====== Input

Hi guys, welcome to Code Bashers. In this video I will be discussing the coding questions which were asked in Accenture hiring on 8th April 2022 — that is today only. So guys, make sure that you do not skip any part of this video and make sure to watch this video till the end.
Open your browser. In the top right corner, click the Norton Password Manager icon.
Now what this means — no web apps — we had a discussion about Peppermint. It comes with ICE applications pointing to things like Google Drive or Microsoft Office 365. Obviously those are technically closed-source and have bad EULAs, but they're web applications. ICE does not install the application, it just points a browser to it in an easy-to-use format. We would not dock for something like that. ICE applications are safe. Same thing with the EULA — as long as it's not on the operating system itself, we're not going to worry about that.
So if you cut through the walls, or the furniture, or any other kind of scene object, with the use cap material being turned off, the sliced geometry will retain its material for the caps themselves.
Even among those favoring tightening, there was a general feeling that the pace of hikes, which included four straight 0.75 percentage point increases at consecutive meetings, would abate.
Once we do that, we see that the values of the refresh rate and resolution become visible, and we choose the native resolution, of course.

============
====== Input

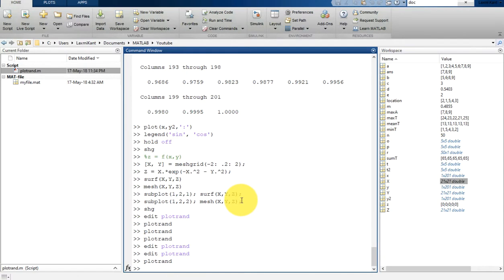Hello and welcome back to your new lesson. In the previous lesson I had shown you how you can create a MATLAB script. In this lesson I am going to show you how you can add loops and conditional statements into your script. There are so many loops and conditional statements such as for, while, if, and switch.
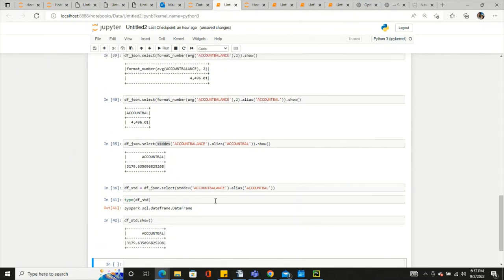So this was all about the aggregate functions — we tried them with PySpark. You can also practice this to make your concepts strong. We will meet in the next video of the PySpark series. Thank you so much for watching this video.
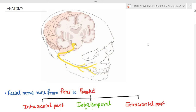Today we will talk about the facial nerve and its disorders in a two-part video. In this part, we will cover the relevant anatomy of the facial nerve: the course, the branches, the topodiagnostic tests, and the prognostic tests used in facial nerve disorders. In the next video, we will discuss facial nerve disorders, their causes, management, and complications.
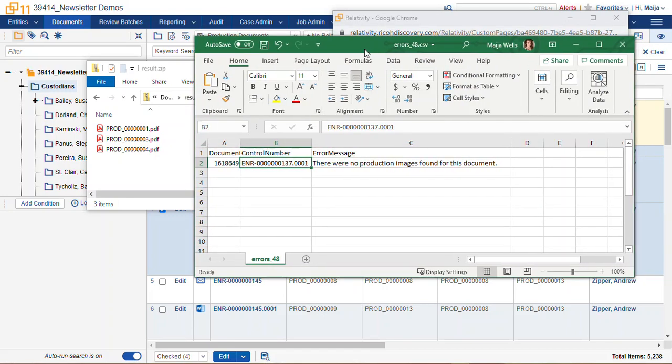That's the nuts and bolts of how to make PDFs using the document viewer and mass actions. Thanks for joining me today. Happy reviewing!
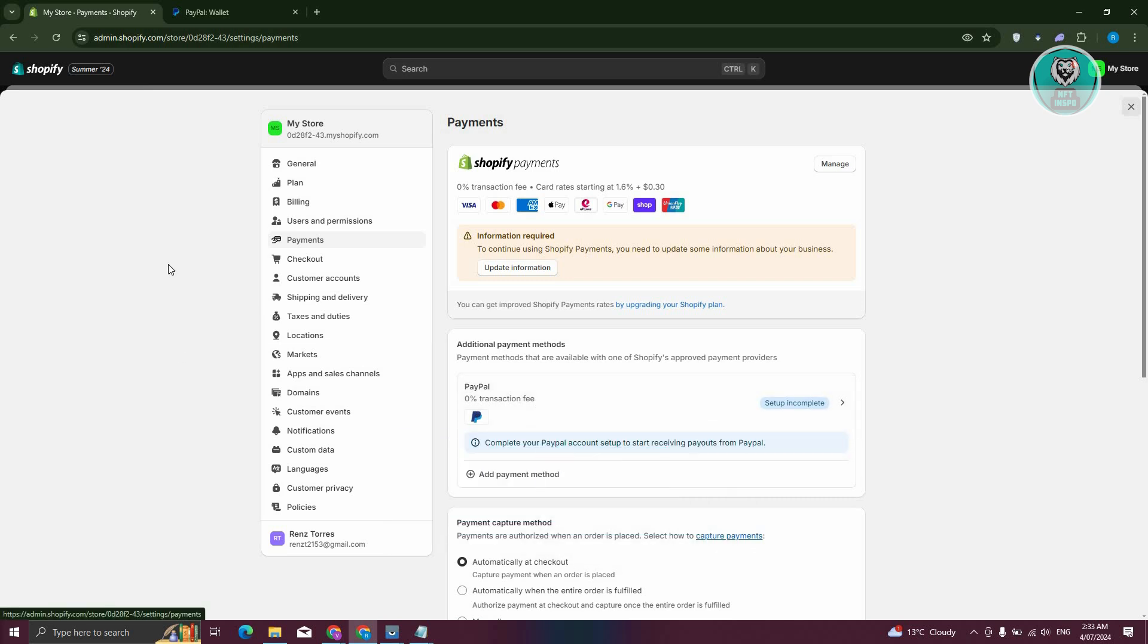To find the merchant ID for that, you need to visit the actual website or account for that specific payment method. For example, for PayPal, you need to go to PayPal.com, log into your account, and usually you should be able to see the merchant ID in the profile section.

============
====== Input

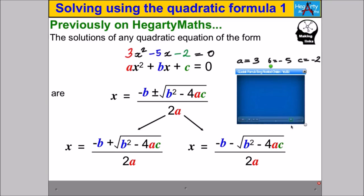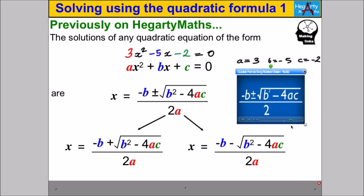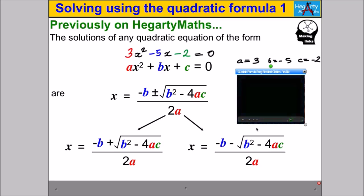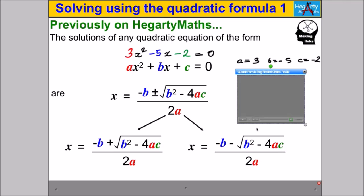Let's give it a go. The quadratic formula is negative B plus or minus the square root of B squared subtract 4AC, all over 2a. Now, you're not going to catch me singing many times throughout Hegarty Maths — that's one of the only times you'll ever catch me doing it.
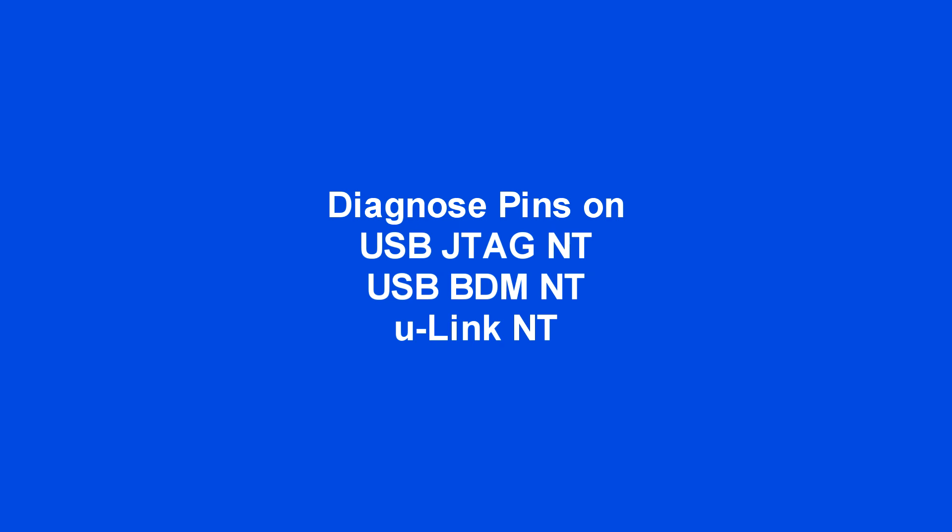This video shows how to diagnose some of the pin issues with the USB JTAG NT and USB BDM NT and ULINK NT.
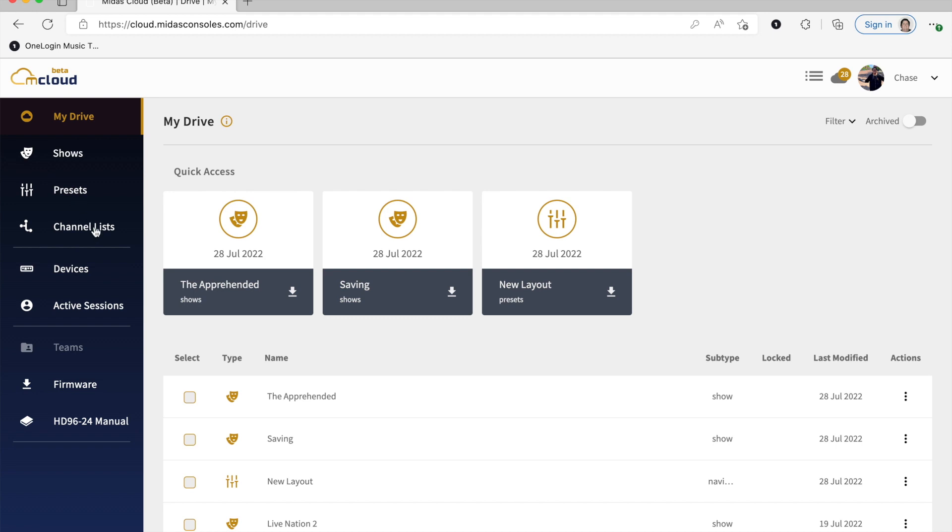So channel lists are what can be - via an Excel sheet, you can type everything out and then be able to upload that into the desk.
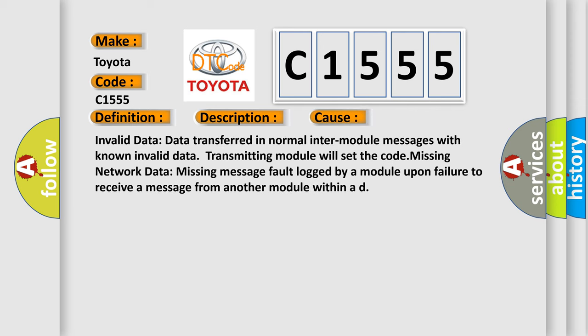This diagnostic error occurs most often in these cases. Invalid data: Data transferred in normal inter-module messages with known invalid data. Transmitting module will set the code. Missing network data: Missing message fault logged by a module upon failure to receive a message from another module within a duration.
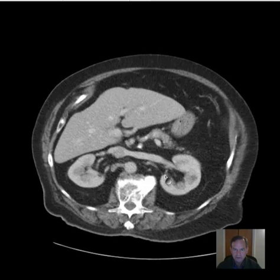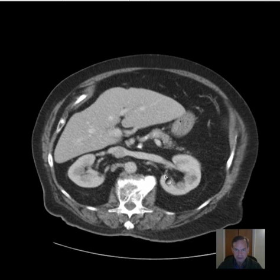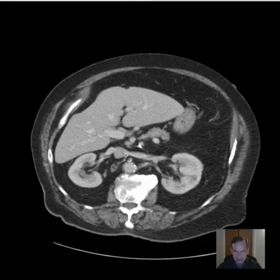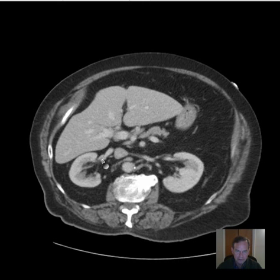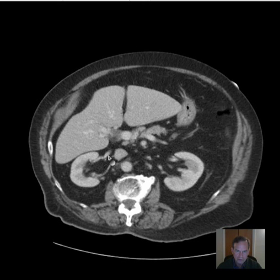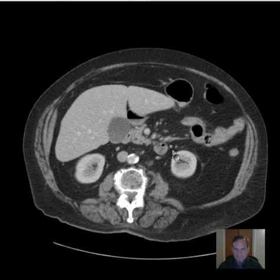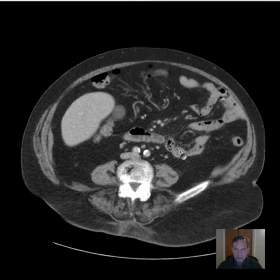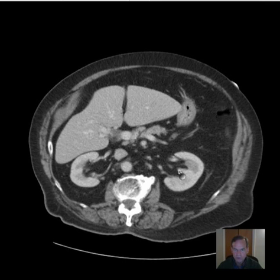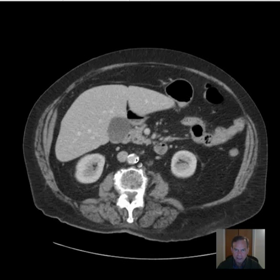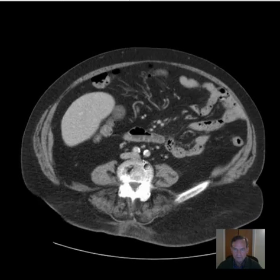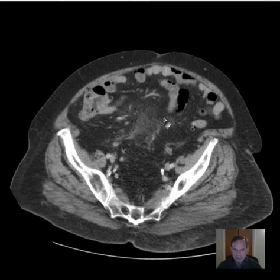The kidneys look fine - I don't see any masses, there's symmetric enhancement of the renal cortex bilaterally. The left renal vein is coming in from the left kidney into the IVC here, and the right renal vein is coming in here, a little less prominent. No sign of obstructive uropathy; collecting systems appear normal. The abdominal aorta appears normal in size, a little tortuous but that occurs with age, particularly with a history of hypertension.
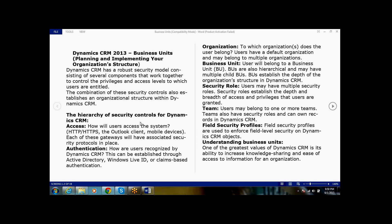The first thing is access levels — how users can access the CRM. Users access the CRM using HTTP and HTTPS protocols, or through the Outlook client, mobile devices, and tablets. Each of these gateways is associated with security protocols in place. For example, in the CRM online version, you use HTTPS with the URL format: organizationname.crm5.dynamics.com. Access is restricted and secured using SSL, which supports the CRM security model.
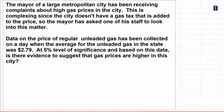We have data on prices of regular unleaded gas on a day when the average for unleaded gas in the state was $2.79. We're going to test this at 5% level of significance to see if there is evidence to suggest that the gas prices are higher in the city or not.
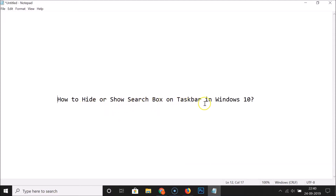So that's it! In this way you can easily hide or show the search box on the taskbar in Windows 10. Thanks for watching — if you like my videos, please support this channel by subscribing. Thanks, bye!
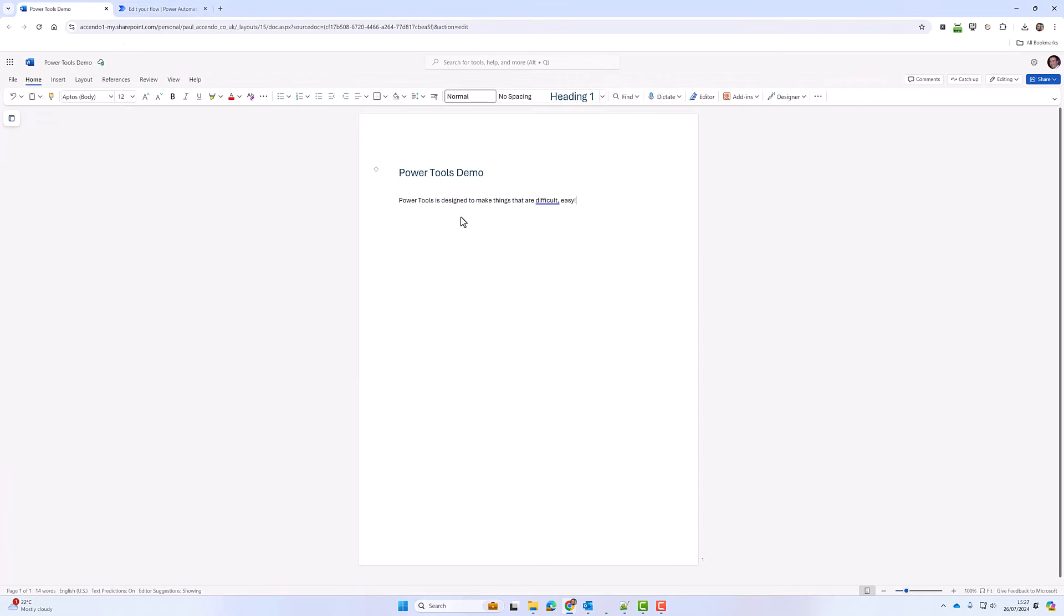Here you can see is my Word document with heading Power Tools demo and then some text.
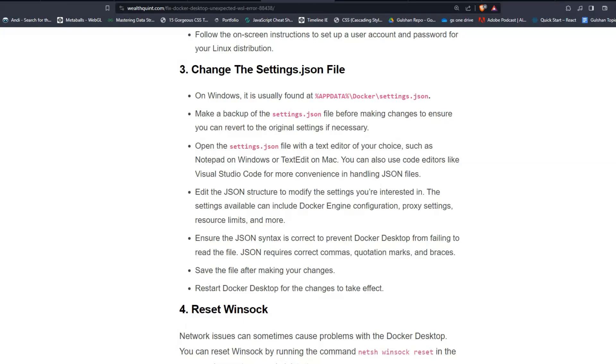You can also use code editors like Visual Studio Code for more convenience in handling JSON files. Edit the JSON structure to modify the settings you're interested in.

============

Within the listing above, the range opens at the line with "Hi guys, welcome" and closes at the line with "Open your browser.". Reproduce exactly the lines of that range, including both ends.

Response:
Hi guys, welcome to Code Bashers. In this video I will be discussing the coding questions which were asked in Accenture hiring on 8th April 2022 — that is today only. So guys, make sure that you do not skip any part of this video and make sure to watch this video till the end.
Open your browser. In the top right corner, click the Norton Password Manager icon.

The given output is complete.